Thank Me Later
Drake
Si Lil' Wayne est considéré comme l'un des meilleurs rappeurs actuels, nombreux sont ceux qui s'inspirent de cette mouvance récente, basée sur le swagger et les vibes piquées ci et là - en gros, le rock ou l'electro. Si l'on peut citer Kid Cudi en exemple, un autre rappeur s'est distingué dans cette nouvelle branche du hip hop, Drake. Lui, c'est le poulain de Weezy, signé sur son label Young Money depuis une paire d'années. Depuis lors, le Canadien multiplie les apparitions sur les mixtapes à succès (So Far Gone) et les sons bankables comme "Forever", la bande son du film sur Lebron James, More Than A Game. Ainsi, avec une gueule bien singulière et un flow qui l'est tout autant, Drake s'est petit à petit fait une place au soleil sur une scène hip hop internationale qui apparaît comme une bâtisse vieillissante, soutenue par des piliers fatigués, dans l'attente du coup de jeune. C'est dans ce contexte que le jeune canadien frappe à la porte maculée du rapgame, Thank Me Later à la main.
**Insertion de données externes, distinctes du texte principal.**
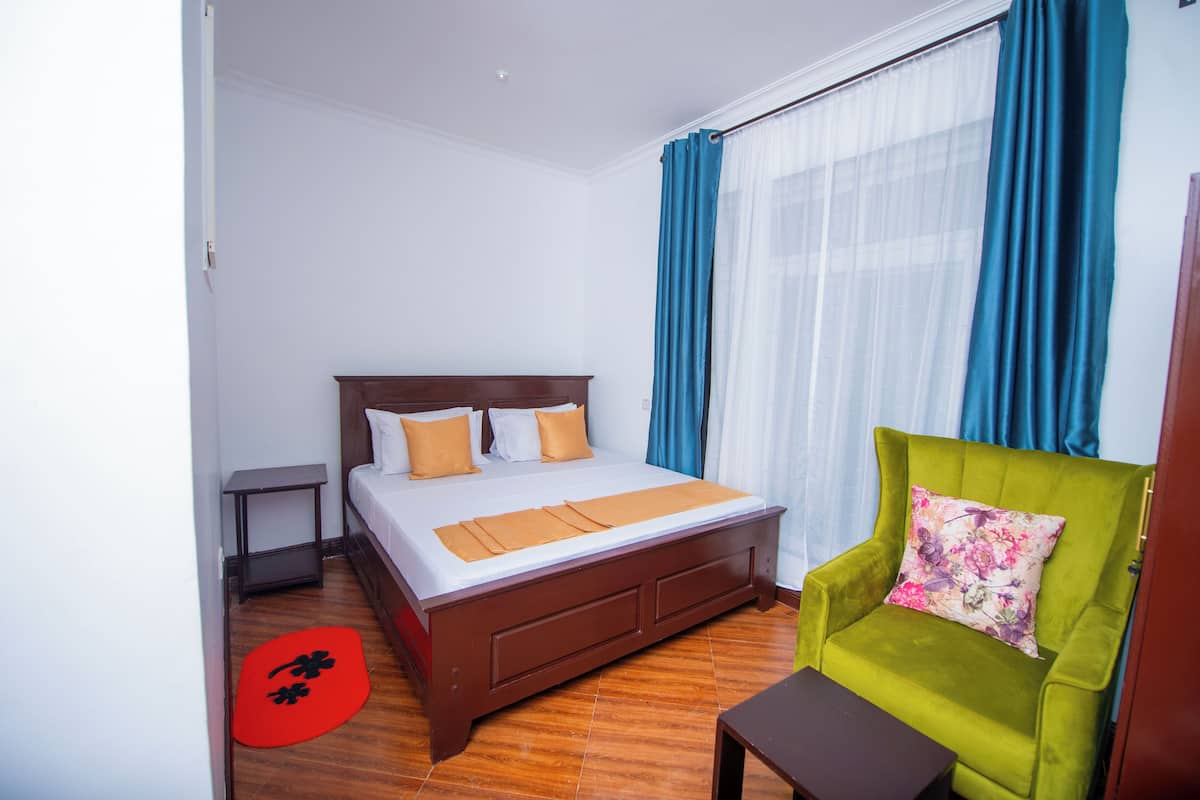 A hotel room with a bed, a green armchair, a small table, and a red mat.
Et Drake sait pertinemment que c'est cet album qui lui permettra ou non de passer la porte. Vu qu'il ne compte pas squatter le paillasson outre mesure, il a mis le paquet le bougre : Kanye West, Swizz Beatz, TI, Timbaland, Jay-Z, Alicia Keys, Young Jeezy, Nicki Minaj ou Lil' Wayne ont tous mis la main à la pâte. Du lourd comme on dit. Ce n'est finalement que le simple retour du rôle de « rappeur à featurings blastés sur MTV » qu'il joue depuis quelques temps. Car outre ses capacités de MC pur et dur, monsieur chante, d'une manière un peu niaise, et en plein délire R'n'B. En d'autres termes, il a la faculté de saloper des morceaux en y plaçant des refrains électronisés de mauvaise facture, mais fort heureusement pour lui, ce n'est pas cela qui l'a empêché d'acquérir une certaine notoriété, que le rookie se doit de confirmer. Reste à savoir si la mayonnaise va prendre sur Thank Me Later.
Le moins que l'on puisse dire, c'est que l'album cultive parfaitement cette veine ou plus exactement ce tandem chant / beat saturé, si bien que c'est ce que l'on retient le plus de ce premier effort studio officiel. Drake passe le plus clair de son temps à vocaliser sur des instrus électro-fades, entre sérénade et chant funèbre, comme sur « The Resistance ». Pour notre plus grand soulagement, il parvient également à sortir de cette comptine auto-tunée sur certains morceaux, comme sur « Over », certainement la track la plus réussie de l'opus. Ne soyons donc pas trop dur avec le jeune Aubray Graham et penchons nous sur ce qu'il fait de mieux. Et définitivement, on peut dire que c'est rapper. Sur « Up All Night » ou « Light Up » (où le sacro-saint Jay-Z nous fait le plaisir de toaster), le Canadien montre qu'il en est dignement capable.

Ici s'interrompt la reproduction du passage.